March 18, 2020 | Download a PDF of this article
Although big data was trendy five years ago, today organizations are trying to make sense of the flood of data they now have. Because data mining proved insufficient, the largely ignored field of AI has finally come into its own. And out of AI’s many subdisciplines, machine learning has emerged as the principal means for organizations to gain a true understanding of their data.
If machine learning has caught your interest, you’ll find many videos and tutorials on the web. Most are of limited value, either because they are too theoretical or because they focus on only one tool in the lengthy machine-learning toolchain. The scarcity of useful offerings makes the present book such a satisfying find. It’s a hands-on overview of machine-learning, written for the Java developer.
The author, who has more than a decade of experience working with the vast data troves generated from retail sales, starts with a full explanation of what machine learning is and what it can deliver.
He then moves into the prerequisites: finding the data and preparing it for use by the tools that are presented across the remaining 12 chapters. After explaining the sources of usable data (public datasets, APIs, web scraping), the cleaning of data for use, and the classification of data, he provides an overview of the statistics you typically will use in analyzing the data.

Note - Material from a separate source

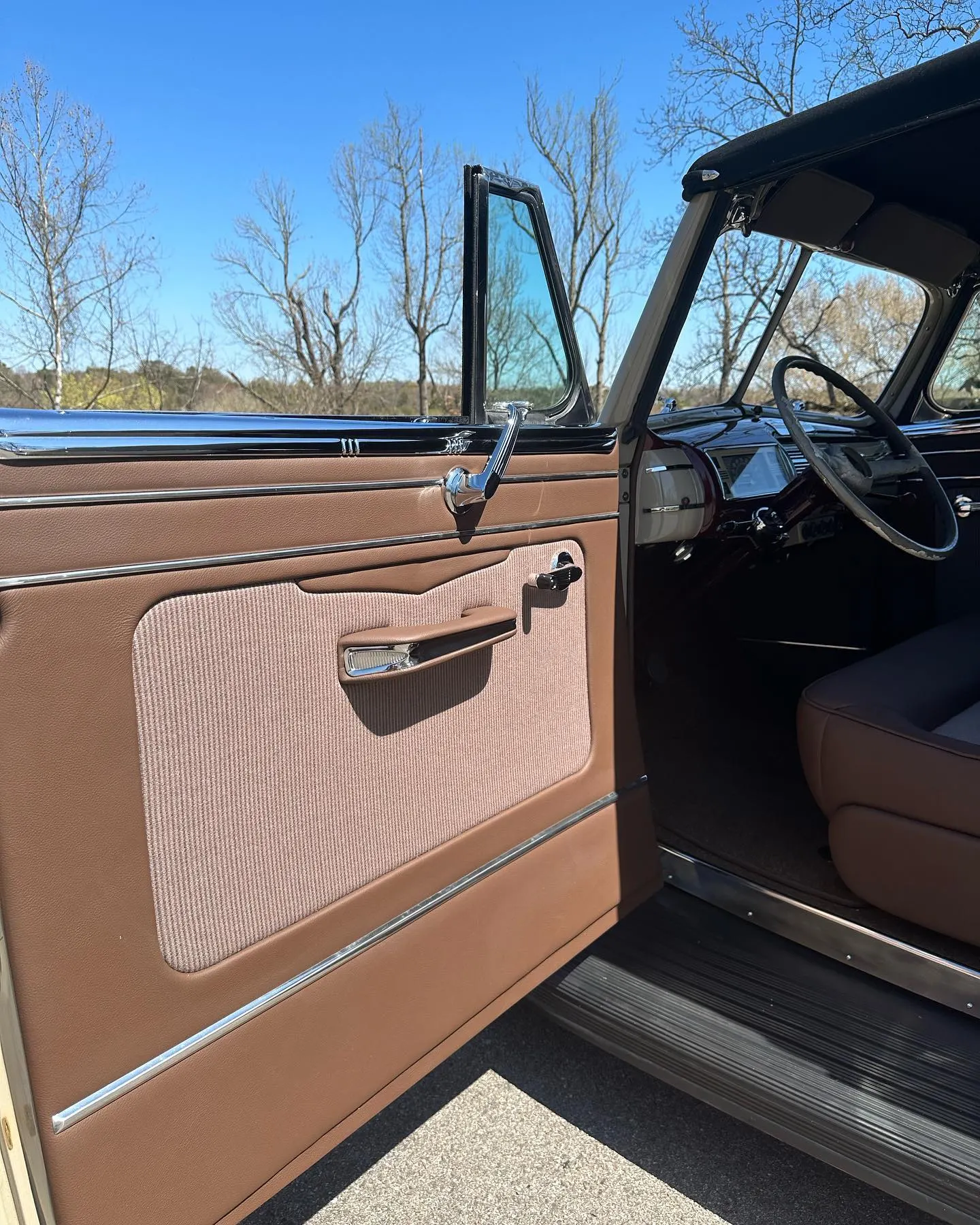 1940 Ford, photo 5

After explaining the statistical methods, such as linear regression, he launches into decision trees and presents them using the Weka toolkit. That toolkit is used again in the next chapter on clustering (there, referring to the machine-learning technique of identifying items with common traits, rather than to hardware architecture). As the author does in every chapter, he starts with an approachable explanation of what the technique is, why it’s important, and what tools can be used to implement it. These presentations are remarkably clear. Due to the well-thought-out explanations, many times, I came to understand items that had previously been mere concepts. These presentations lead immediately to implementation code using a small dataset. That code is usually Java, and in some places the equivalent operations are shown in Clojure as well. One chapter, though, has substantial new material shown in Clojure only.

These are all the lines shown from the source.